Wir haben das Werk gelebt. Jede Aufführung war anders. Am Jahrestag der Ermordung Kennedys begann er in halbem Tempo. Die Ehrlichkeit der Aussage hatte stets erste Priorität. SN: Derzeit spielen Sie die Zweite Symphonie wieder, haben Sie mit Simon Rattle sogar aufgenommen. Wie geht es Ihnen damit? Bernstein hat mich einmal gefragt: Spielst du die Zweite Symphonie, wenn ich 100 bin? Natürlich sagte ich zu. Ich habe mir das Werk jetzt noch einmal erarbeitet; auch, um einem Menschen meine Dankbarkeit zu zeigen, der mir so viel gegeben hat.

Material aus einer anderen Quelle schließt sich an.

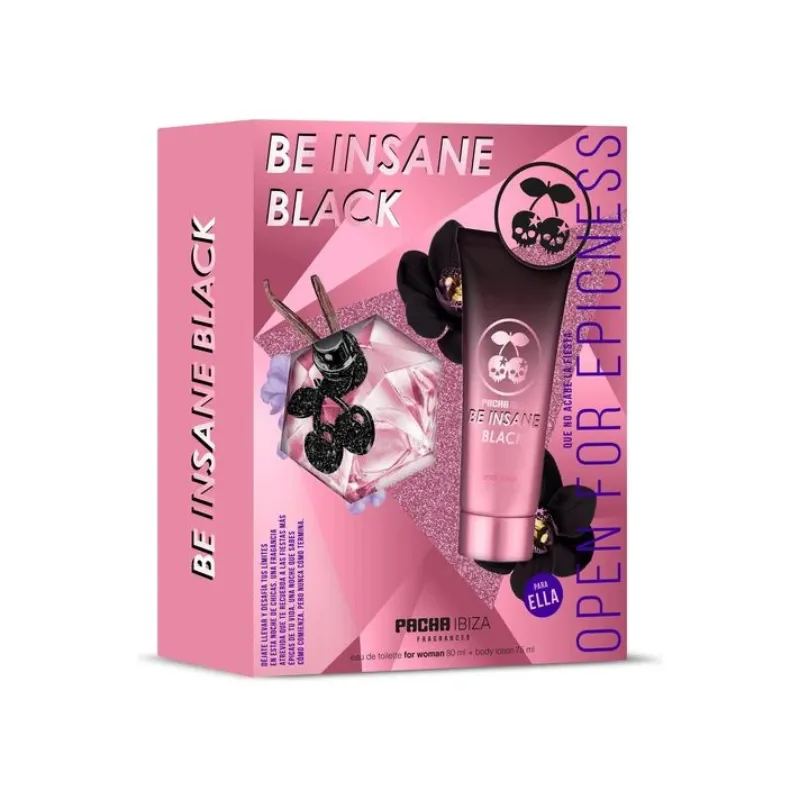 Set Pacha Ibiza Be Insane Black Her EDT 80 ml + Body Lotion 75 ml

Es sind rührende Momente in diesem Stück, wo ich Tränen in den Augen habe und mich an eine Zeit der großen Maestri erinnere, die ich alle in Salzburg kennengelernt habe und die es heute nicht mehr gibt. Eine ganze Ära ist mit Karajans und Bernsteins Tod zu Ende gegangen. SN: Worum geht es Ihnen selbst in der Musik jetzt noch? Musik ist mein Leben. Karriere hat mich nie interessiert. Ich habe ja als kleiner Junge Orgel gespielt. Später bin ich in den Flügel katapultiert worden, habe einen Wettbewerb gewonnen, dann einen zweiten, dann einen dritten. 1977 hat mich Karajan nach Salzburg eingeladen, dann gab es keinen Weg mehr zurück. Ich habe aber immer wieder Sabbaticals eingelegt.
Heute habe ich diese Freiheit, zu spielen, wo ich will. Aus der ganzen Welt kommen die Angebote. Das Problem ist: Die Welt ist sehr groß. Daher komme ich nur alle drei, vier Jahre in eine Stadt zurück. Ich sehe mich als einen pensionierten Künstler, der noch ein bisschen Spaß hat und seine Dankbarkeit gegenüber den alten Meistern zeigt. Das ist eigentlich alles.